U.S. Supreme Court
Boynton v. Virginia, 364 U.S. 454 (1960)
Boynton v. Virginia
Argued October 12, 1960
Decided December 5, 1960
364 U.S. 454
For refusing to leave the section reserved for white people in a restaurant in a bus terminal, petitioner, a Negro interstate bus passenger, was convicted in Virginia courts of violating a state statute making it a misdemeanor for any person "without authority of law" to remain upon the premises of another after having been forbidden to do so. On appeal, he contended that his conviction violated the Interstate Commerce Act and the Equal Protection, Due Process and Commerce Clauses of the Federal Constitution; but his conviction was sustained by the State Supreme Court. On petition for certiorari to this Court, he raised only the constitutional questions.

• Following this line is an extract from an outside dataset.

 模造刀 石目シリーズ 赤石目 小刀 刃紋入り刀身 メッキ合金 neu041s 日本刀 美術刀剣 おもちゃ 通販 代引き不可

1. Notwithstanding the fact that the petition for certiorari presented only the constitutional questions this Court will consider the statutory issue, which involves essentially the same problem -- racial discrimination in interstate commerce. P. 364 U. S. 457.

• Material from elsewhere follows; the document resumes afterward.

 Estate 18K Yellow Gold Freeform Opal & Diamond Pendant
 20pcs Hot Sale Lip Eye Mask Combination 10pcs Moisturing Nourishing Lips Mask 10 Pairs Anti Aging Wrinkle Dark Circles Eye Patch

2. Under § 216(d) of the Interstate Commerce Act, which forbids any interstate common carrier by motor vehicle to subject any person to unjust discrimination, petitioner had a federal right to remain in the white portion of the restaurant, he was there "under authority of law," and it was error to affirm his conviction. Pp. 364 U. S. 457-463.
(a) When a bus carrier has volunteered to make terminal and restaurant facilities and services available to its interstate passengers as a regular part of their transportation, and the terminal and restaurant have acquiesced and cooperated in this undertaking, the terminal and restaurant must perform these services without discriminations prohibited by the Act. Pp. 364 U. S. 457-461.
(b) Although the courts below made no findings of fact, the evidence in this case shows such a situation here. Pp. 364 U. S. 461-463.